The company’s origins trace back not to a business plan, but to a Brussels mandate. When EU rail legislation required operators to separate track management from train operations, founder and managing director Kai Ebert saw both an obligation and an opportunity. In 2009, he spun off the infrastructure activities into a dedicated entity and LWS was born. What followed was methodical expansion: the rehabilitation of the Lappwald line, the construction of a specialist rail workshop, and successive takeovers including the Teutoburger Waldbahn, the Westerwaldbahn, and most recently the Wiehltalbahn. Today, LWS manages 120 km of track with 45 employees – small by any measure, yet firmly in the national Top 10.
The Last Mile Nobody Wanted
LWS operates what the industry calls the ‘last mile’. The branch lines connecting factories and industrial sites to the main network, progressively abandoned by DB InfraGo. “The mistake,” Kai Ebert argues, “is assuming that freight originates at Munich Central or Berlin Central.
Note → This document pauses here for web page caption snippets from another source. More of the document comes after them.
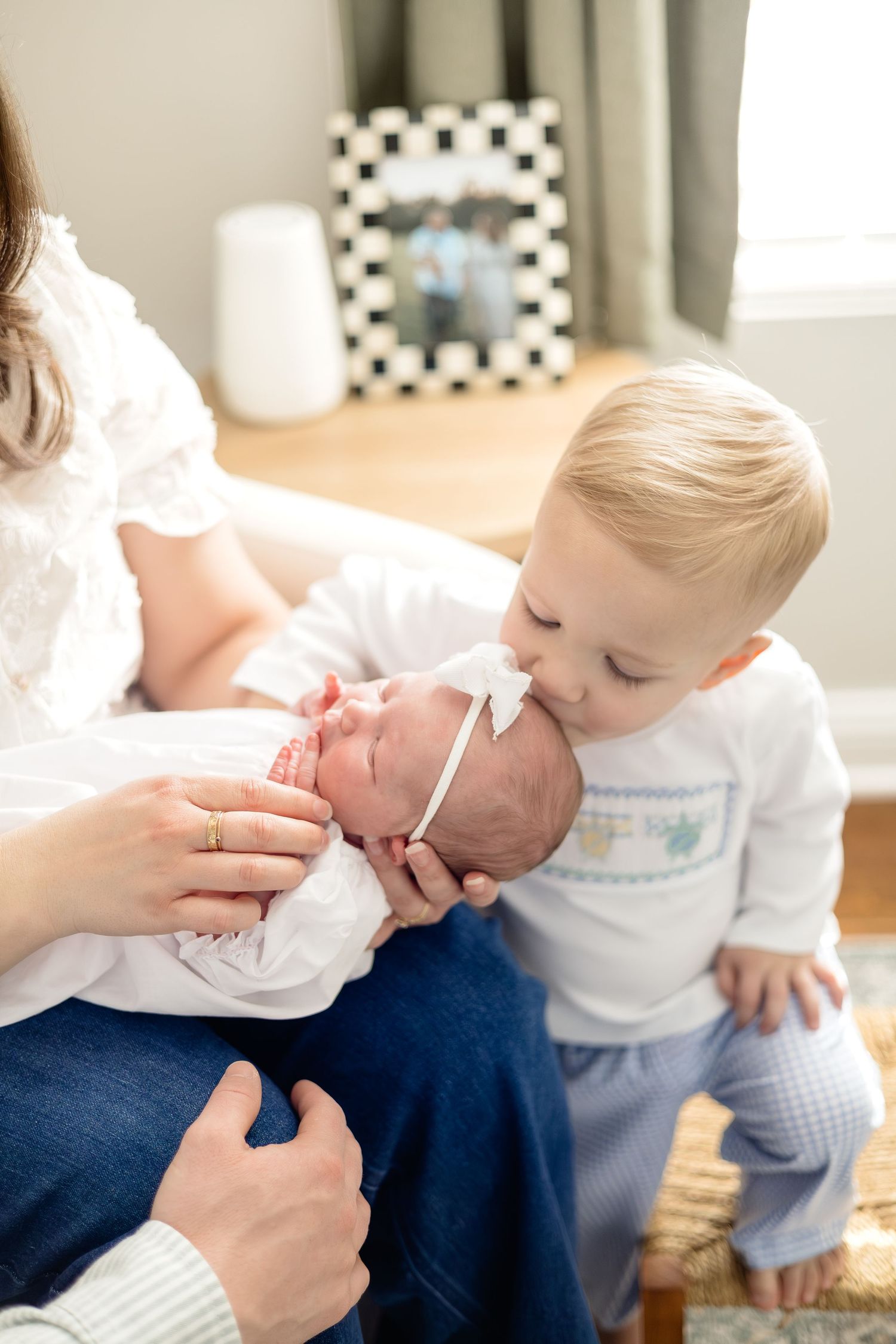 Toddler boy kissing newborn baby sibling held by mother during a sweet family lifestyle newborn photo session.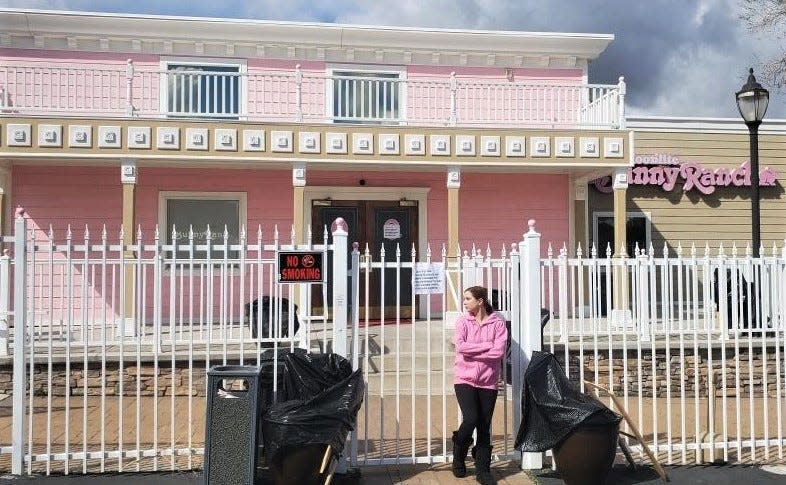 Sex worker Alice Little stands outside the closed Bunny Ranch brothel in Carson City, Nev.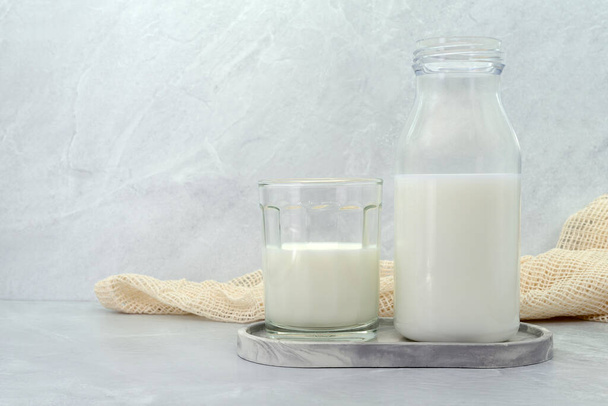 Butelka mleka i szklanka mleka na tle kamiennej tekstury. ukierunkowanie selektywne. - Zdjęcie, obraz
It doesn’t, it comes from industrial sites along lines that were cut off.”
Once a shipper switches to road, he warns, it rarely comes back. LWS runs its network on a fully non-discriminatory basis: DB Cargo and private carriers alike access its tracks at equal tariffs, regulated by the Federal Network Agency.
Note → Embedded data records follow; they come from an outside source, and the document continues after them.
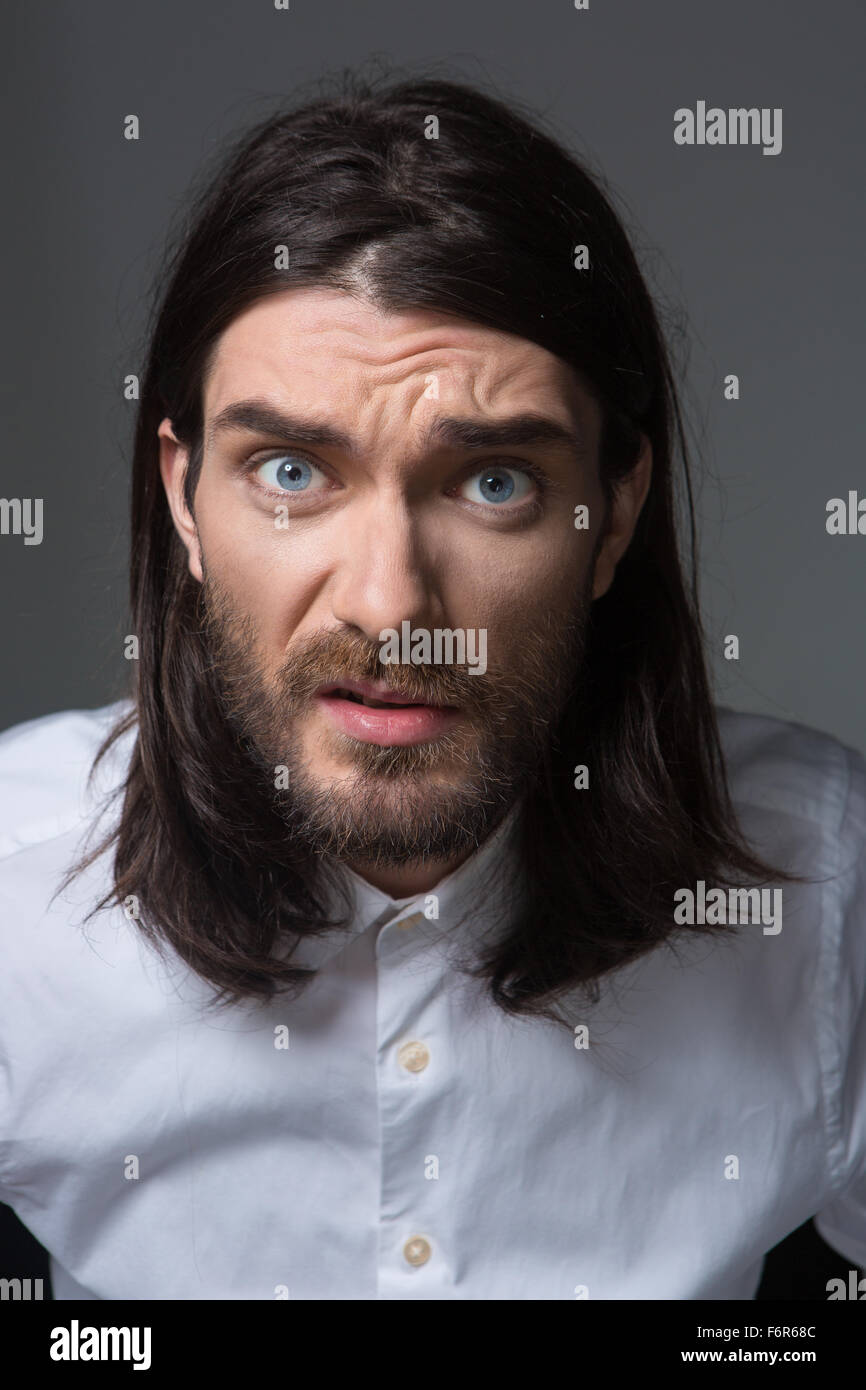Portrait d'un jeune homme en colère avec barbe et cheveux longs à la caméra à l'isolé sur un fond noir Banque D'Images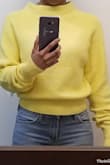 I've been looking for a nice lemon yellow sweater and I found this one. The knit is wonderful - great material, seems nicely made. The problem is when I tried it on it seemed to fit so strangely. The arms are really long and the neck seemed so huge! I ordered an XS and I normally wear fitted clothing, not slouchy, loose clothing. Because I've been wanting a sweater this color and that is hard to find, I thought I'd try to get it tailored... apparently sweaters can be tailored. But then a couple days later I decided to try it back on. I think it's OK. I pulled the sweater down so the neck wasn't so high and then it didn't look so bad and the sleeves apparently are supposed to be long so that you can bunch them up. I played with them a bit and now I think it doesn't need to be tailored, I just have to really style it well. Also, with it fitting so loosely, it doesn't provide much warmth. - Jennifer W.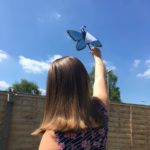 Photo of Evie and her beautiful silver-studded blue butterfly, fluttering in the wind!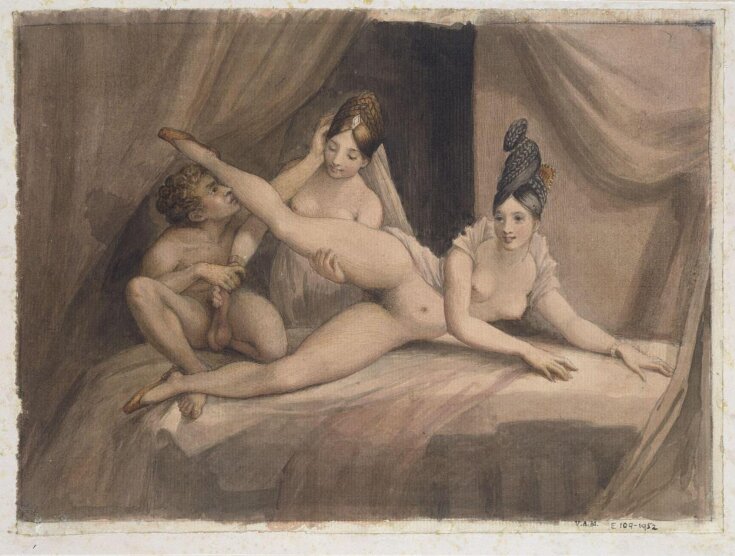 A man and two women on a bed. top image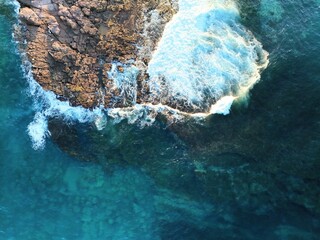 Wall Mural - Aerial view of a wave hitting a reef in Shellharbour.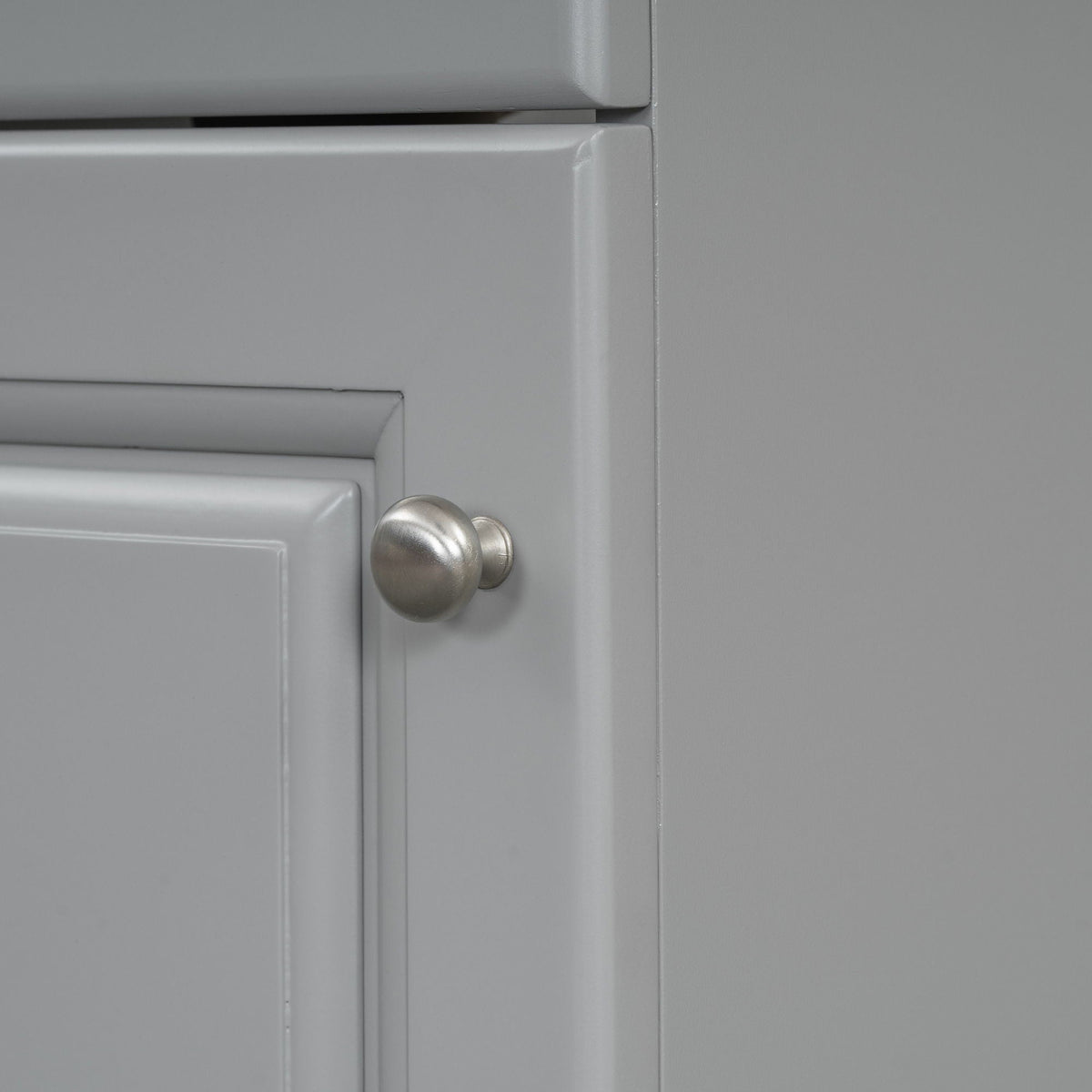 Gray bathroom vanity cabinet door with a round metal knob on Tampa Home & Garden Store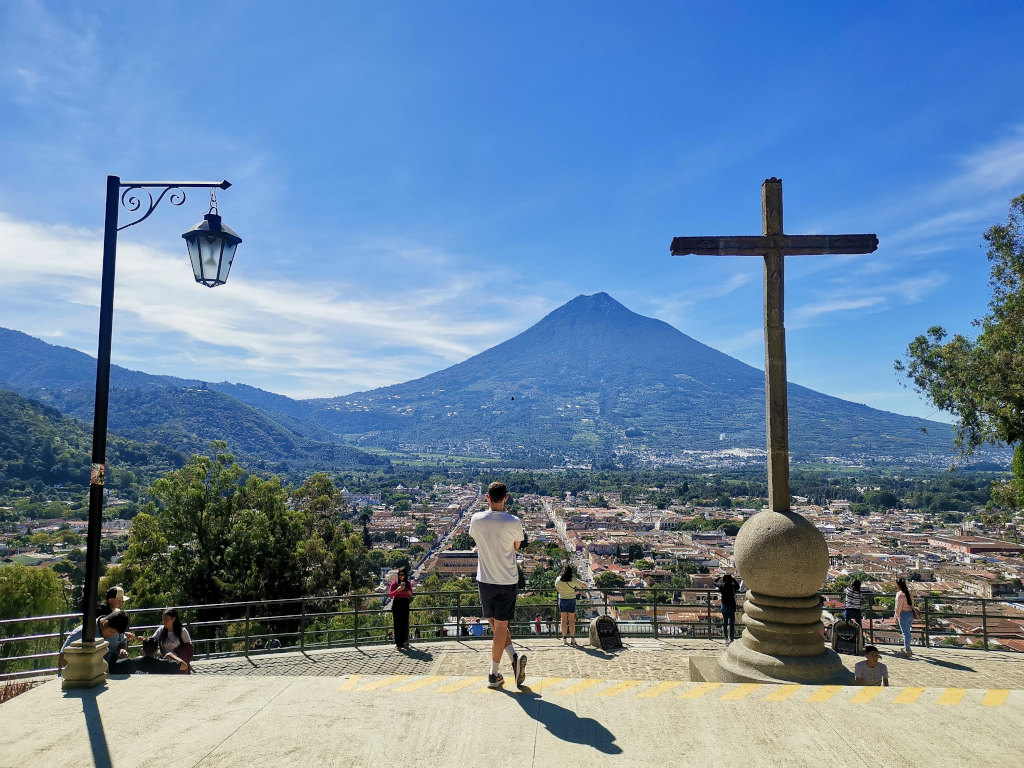 A man standing next to a cross overlooking Antigua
Digitizing the Analog Railway
Despite operating in what Ebert cheerfully calls “old economy,” LWS has driven two significant digitalization projects. One is a software platform for managing non-federal rail infrastructure, now adopted by several operators. The other is more striking: across Germany’s non-federal network, dispatchers still record every train movement by hand with coloured lines drawn on paper forms, unchanged for generations – the so-called Train Movement Log (FV NE standard). Kai Ebert has spent over ten years pushing to replace it with a digital system. “This year, we’ll finally be able to announce the product together with Sternico GmbH and VDV,” he says.
Bureaucracy as the Bigger Rival
A workshop extension urgently needed to handle growing order volumes has been waiting on a planning response for four and a half years. Safety upgrades for more than 50 level crossings face timelines of five to eight years each. Federal funding exists, but private operators must provide personal guarantees to access it: an obligation municipal competitors are exempt from. “We’ve been fighting alongside the VDV for ten years to get that changed,” Kai Ebert says. “It keeps coming up in Berlin and keeps getting buried under the next crisis.”